The relatively brief Mormon variant of all this racist nonsense, however (only 130 years), was not a sudden invention. It was mostly imported from a long racist tradition found in much earlier religions. If you want to explore that tradition and its religious roots, here are four recent books that you might wish to consult (some of which were called to my attention, I must acknowledge, by Stirling Adams) : (1) Stephen R. Haynes, Noah’s Curse: The Biblical Justification for American Slavery (Oxford U. Press, 2002); (2) David M. Goldenberg, The Curse of Ham: Race and Slavery in Early Judaism, Christianity, and Islam (Princeton U. Press, 2003); (3) Benjamin Braude, Sex, Slavery, and Racism: The Secret History of Noah and His Sons (Knopf, 2005); and (4) Colin Kidd, The Forging of Races: Race and Scripture in the Protestant Atlantic World, 1600-2000 (Cambridge U. Press, 2006). Against the historical background laid bare in these books, it is not difficult to understand why our Mormon forebears found their myths about black people to be so natural.

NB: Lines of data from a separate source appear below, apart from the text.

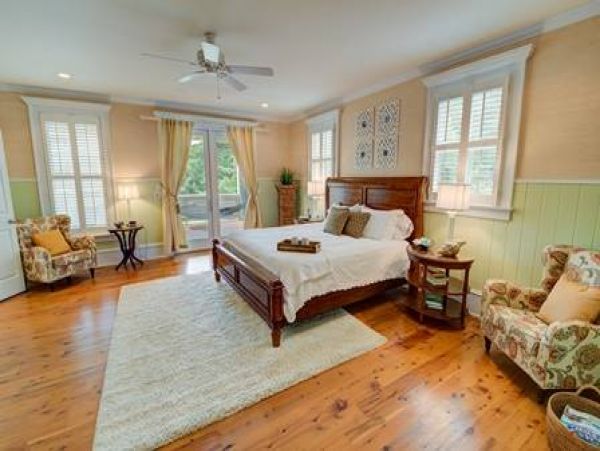 Spacious Five Bedroom Vacation Rental in Isle of Palms
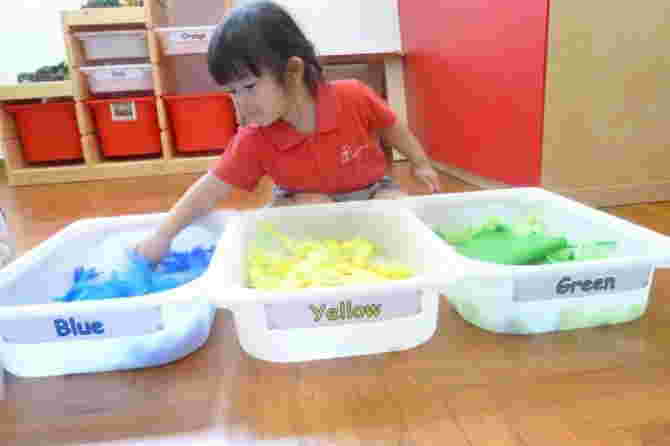 src=https://sg admin.theasianparent.com/wp content/uploads/sites/12/2018/10/when is a child considered nonverbal intext 1.jpg photo tanda autisme pada kanak-kanak, anak lambat bercakap, ciri-ciri autisme, cara mengajar anak autisme, tanda awal autisme, simptom autisme,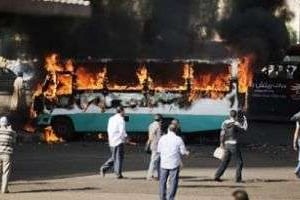Un bus incendié lors de heurts au Caire, le 19 avril 2013. © AFP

My current interest in the race issue focuses both on the past and on the future. As for the past, I find myself frustrated and appalled at the perpetuation of racist thinking at the LDS grassroots (at least in the U. S.). There are at least two forms of this hang-over from the past:

(1) Even though the traditional priesthood restriction has been gone for three decades, many well-meaning Saints (including leaders and seminary teachers) are still using the old racist folklore (marks, curses, failures in the pre-existence, etc.) to “explain” to the youth why the church formerly had that restriction! These “explanations” will probably persist to some extent until there is a formal repudiation of all such folklore from the First Presidency itself. President Hinckley ventured close to such a repudiation in his remarks during the Priesthood Session of the April 2006 General Conference, but he basically believes that a repudiation is already implicit in the 1978 policy change, so I don’t expect a further repudiation very soon. I wish the rest of the Church shared Pres. Hinckley’s assumption about an implicit repudiation, but many don’t.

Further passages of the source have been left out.